Data extracted from a collection
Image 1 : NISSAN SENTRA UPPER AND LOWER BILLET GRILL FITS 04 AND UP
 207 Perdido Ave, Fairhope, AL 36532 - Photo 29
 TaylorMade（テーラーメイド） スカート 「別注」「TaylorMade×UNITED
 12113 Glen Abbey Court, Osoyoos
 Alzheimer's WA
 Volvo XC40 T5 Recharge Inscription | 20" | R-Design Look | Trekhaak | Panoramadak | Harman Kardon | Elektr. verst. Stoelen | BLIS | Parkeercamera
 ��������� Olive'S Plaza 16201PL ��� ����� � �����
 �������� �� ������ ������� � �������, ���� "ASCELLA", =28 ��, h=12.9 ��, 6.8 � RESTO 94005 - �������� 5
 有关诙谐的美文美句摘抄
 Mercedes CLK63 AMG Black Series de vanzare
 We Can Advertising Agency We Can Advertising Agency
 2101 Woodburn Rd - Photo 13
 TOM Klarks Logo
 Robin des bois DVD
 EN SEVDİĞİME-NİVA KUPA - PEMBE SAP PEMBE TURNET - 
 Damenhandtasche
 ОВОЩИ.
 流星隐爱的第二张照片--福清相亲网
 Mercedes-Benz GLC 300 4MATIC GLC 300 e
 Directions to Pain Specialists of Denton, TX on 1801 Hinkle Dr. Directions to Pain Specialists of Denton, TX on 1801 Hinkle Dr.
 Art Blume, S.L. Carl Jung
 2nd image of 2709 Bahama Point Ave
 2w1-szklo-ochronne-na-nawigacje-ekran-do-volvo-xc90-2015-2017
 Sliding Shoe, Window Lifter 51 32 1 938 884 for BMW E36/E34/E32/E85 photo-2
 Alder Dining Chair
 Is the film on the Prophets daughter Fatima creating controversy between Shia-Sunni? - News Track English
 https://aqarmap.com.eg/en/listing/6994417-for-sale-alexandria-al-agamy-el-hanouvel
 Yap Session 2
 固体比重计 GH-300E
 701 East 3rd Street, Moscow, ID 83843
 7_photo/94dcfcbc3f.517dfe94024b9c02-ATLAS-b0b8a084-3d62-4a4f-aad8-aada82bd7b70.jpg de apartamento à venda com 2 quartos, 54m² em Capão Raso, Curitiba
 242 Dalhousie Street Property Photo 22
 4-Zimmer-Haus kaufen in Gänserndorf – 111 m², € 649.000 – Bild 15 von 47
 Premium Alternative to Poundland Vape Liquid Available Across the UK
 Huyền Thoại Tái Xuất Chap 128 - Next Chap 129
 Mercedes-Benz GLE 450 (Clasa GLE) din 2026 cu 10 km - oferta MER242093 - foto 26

→ WHAT NEEDS TO BE DONE:
Please output the complete set of records above without any alteration.

→ RESPONSE BOX:
Image 1 : NISSAN SENTRA UPPER AND LOWER BILLET GRILL FITS 04 AND UP
 207 Perdido Ave, Fairhope, AL 36532 - Photo 29
 TaylorMade（テーラーメイド） スカート 「別注」「TaylorMade×UNITED
 12113 Glen Abbey Court, Osoyoos
 Alzheimer's WA
 Volvo XC40 T5 Recharge Inscription | 20" | R-Design Look | Trekhaak | Panoramadak | Harman Kardon | Elektr. verst. Stoelen | BLIS | Parkeercamera
 ��������� Olive'S Plaza 16201PL ��� ����� � �����
 �������� �� ������ ������� � �������, ���� "ASCELLA", =28 ��, h=12.9 ��, 6.8 � RESTO 94005 - �������� 5
 有关诙谐的美文美句摘抄
 Mercedes CLK63 AMG Black Series de vanzare
 We Can Advertising Agency We Can Advertising Agency
 2101 Woodburn Rd - Photo 13
 TOM Klarks Logo
 Robin des bois DVD
 EN SEVDİĞİME-NİVA KUPA - PEMBE SAP PEMBE TURNET - 
 Damenhandtasche
 ОВОЩИ.
 流星隐爱的第二张照片--福清相亲网
 Mercedes-Benz GLC 300 4MATIC GLC 300 e
 Directions to Pain Specialists of Denton, TX on 1801 Hinkle Dr. Directions to Pain Specialists of Denton, TX on 1801 Hinkle Dr.
 Art Blume, S.L. Carl Jung
 2nd image of 2709 Bahama Point Ave
 2w1-szklo-ochronne-na-nawigacje-ekran-do-volvo-xc90-2015-2017
 Sliding Shoe, Window Lifter 51 32 1 938 884 for BMW E36/E34/E32/E85 photo-2
 Alder Dining Chair
 Is the film on the Prophets daughter Fatima creating controversy between Shia-Sunni? - News Track English
 https://aqarmap.com.eg/en/listing/6994417-for-sale-alexandria-al-agamy-el-hanouvel
 Yap Session 2
 固体比重计 GH-300E
 701 East 3rd Street, Moscow, ID 83843
 7_photo/94dcfcbc3f.517dfe94024b9c02-ATLAS-b0b8a084-3d62-4a4f-aad8-aada82bd7b70.jpg de apartamento à venda com 2 quartos, 54m² em Capão Raso, Curitiba
 242 Dalhousie Street Property Photo 22
 4-Zimmer-Haus kaufen in Gänserndorf – 111 m², € 649.000 – Bild 15 von 47
 Premium Alternative to Poundland Vape Liquid Available Across the UK
 Huyền Thoại Tái Xuất Chap 128 - Next Chap 129
 Mercedes-Benz GLE 450 (Clasa GLE) din 2026 cu 10 km - oferta MER242093 - foto 26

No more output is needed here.